Faculty of Information Technology, Beijing University of Technology, Beijing 100124, China.
Sensors (Basel). 2021 Jan 29;21(3):916. doi: 10.3390/s21030916.
In recent years, human detection in indoor scenes has been widely applied in smart buildings and smart security, but many related challenges can still be difficult to address, such as frequent occlusion, low illumination and multiple poses. This paper proposes an asymmetric adaptive fusion two-stream network (AAFTS-net) for RGB-D human detection. This network can fully extract person-specific depth features and RGB features while reducing the typical complexity of a two-stream network. A depth feature pyramid is constructed by combining contextual information, with the motivation of combining multiscale depth features to improve the adaptability for targets of different sizes. An adaptive channel weighting (ACW) module weights the RGB-D feature channels to achieve efficient feature selection and information complementation. This paper also introduces a novel RGB-D dataset for human detection called RGBD-human, on which we verify the performance of the proposed algorithm. The experimental results show that AAFTS-net outperforms existing state-of-the-art methods and can maintain stable performance under conditions of frequent occlusion, low illumination and multiple poses.

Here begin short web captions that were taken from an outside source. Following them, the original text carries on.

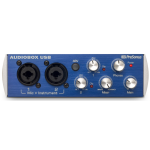 Presonus AUDIOBOXUSB 2x2 USB Recording Interface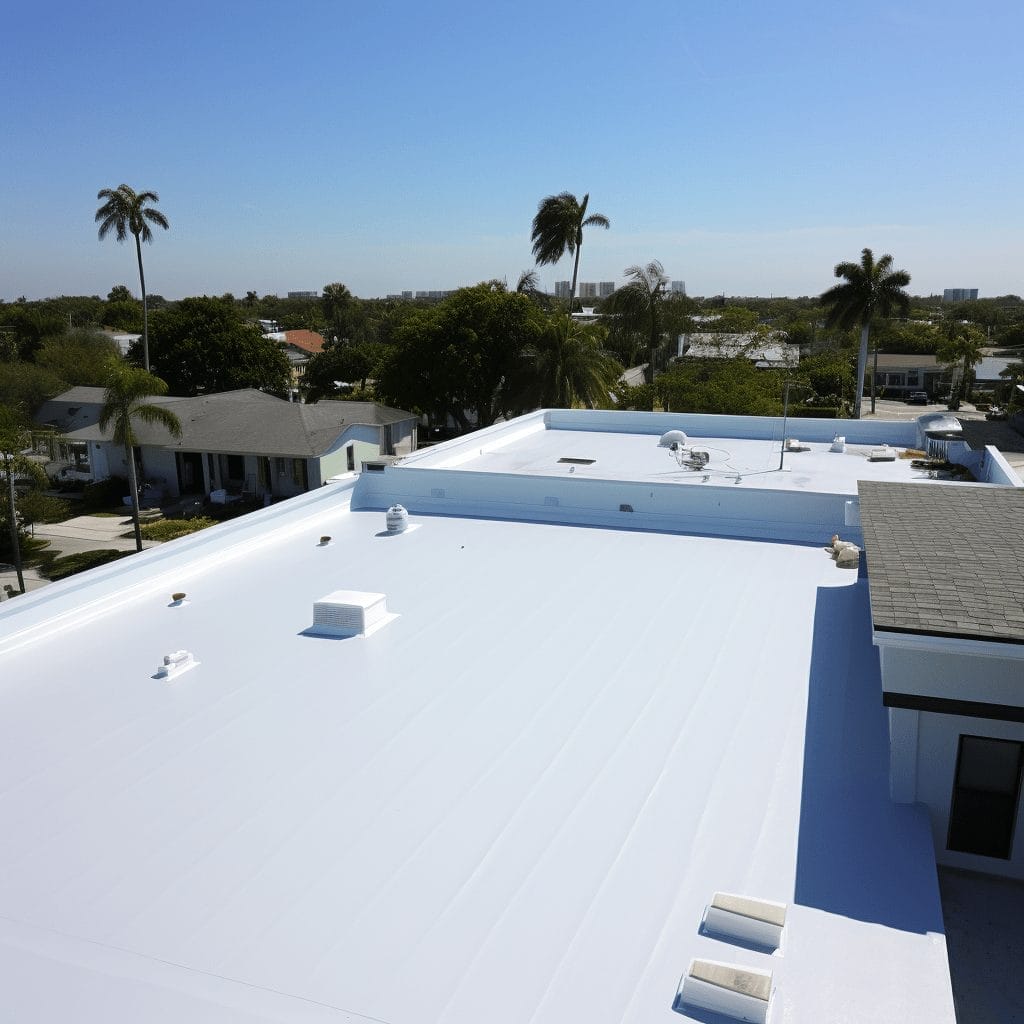 Storm Damage Roofing in Silver Springs FL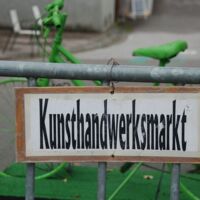 Greiner Kunsthandwerksmarkt 2016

近年来,室内场景中的人体检测已广泛应用于智能建筑和智能安全领域,但仍有许多相关挑战难以解决,例如频繁遮挡、低光照和多种姿势。本文提出了一种用于 RGB-D 人体检测的非对称自适应融合双流网络(AAFTS-net)。该网络能够充分提取特定于人的深度特征和 RGB 特征,同时降低双流网络的典型复杂性。通过组合上下文信息构建深度特征金字塔,以结合多尺度深度特征来提高对不同大小目标的适应性。自适应通道加权(ACW)模块对 RGB-D 特征通道进行加权,以实现有效的特征选择和信息补充。本文还介绍了一个名为 RGBD-human 的新的 RGB-D 人体检测数据集,我们在该数据集上验证了所提出算法的性能。实验结果表明,AAFTS-net 优于现有的最先进方法,并且可以在频繁遮挡、低光照和多种姿势条件下保持稳定的性能。